Abstract Detail

Nº613/757 - Ecological and evolutionary processes acting on plant species dependant on their genome sizes
Format: ORAL
Authors
Andrew R. Leitch1, Marie Henniges1, 2, Joseph Morton1, 2, 3, Lubna Faizullah1, 2, Xiaotong (Elaine) Wang1, 2, Jaume Pelicer2, Maite Guignard1, 2, Erika Hersch-Green3, Ilia J. Leitch2.
Affiliations
1 Queen Mary University of London, London, UK 2 Royal Botanic Gardens, Kew, Surrey, UK 3 Michigan Technological University, Houghton, Michigan, USA
Abstract
The amount of DNA in each cell of an organism, called the genome size, varies enormously between species.
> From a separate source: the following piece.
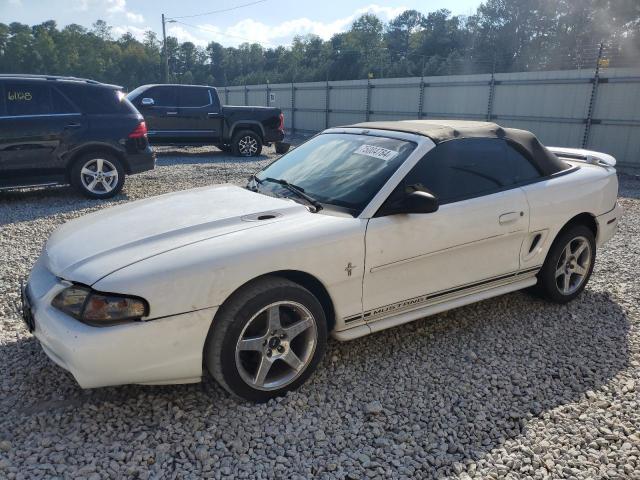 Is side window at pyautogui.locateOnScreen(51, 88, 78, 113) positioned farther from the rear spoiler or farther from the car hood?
the rear spoiler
Indeed, amongst flowering plants there is a known ~2,500 fold range in genome size (from 60,000 -160,000,000 bp per 1C genome). However, most plant species have smaller genomes than would be expected given the incidence of polyploidy and (retro)transpostion in their ancestries, suggestive of evolutionary selection against large genome sizes. This talk first explores ecological selection acting on genome size, focussing in particular on nutrient limitation. We show from grassland nutrient experiments in UK, Germany, Inner Mongolia and from the Nutrient Network that species with large genomes are favoured in the presence of nitrogen and phosphate fertilizers, suggestive of ecological selection against large genomes when they are limiting (as in most soils of the world). But it is unknown if such ecological selection translates to evolutionary selection against large genomes, because available data suggests that there are only small rates of DNA loss per generation (470 Mb/million years, 500 bp/generation). This poses a problem as to how evolutionary selection might act, given that the size of even the smallest plant genome is three orders of magnitude larger than these DNA losses. We propose that a solution to this problem might be that genome downsizing is an emergent property of polyploidy, which after time has ecological advantages to plants growing in nutrient poor habitats.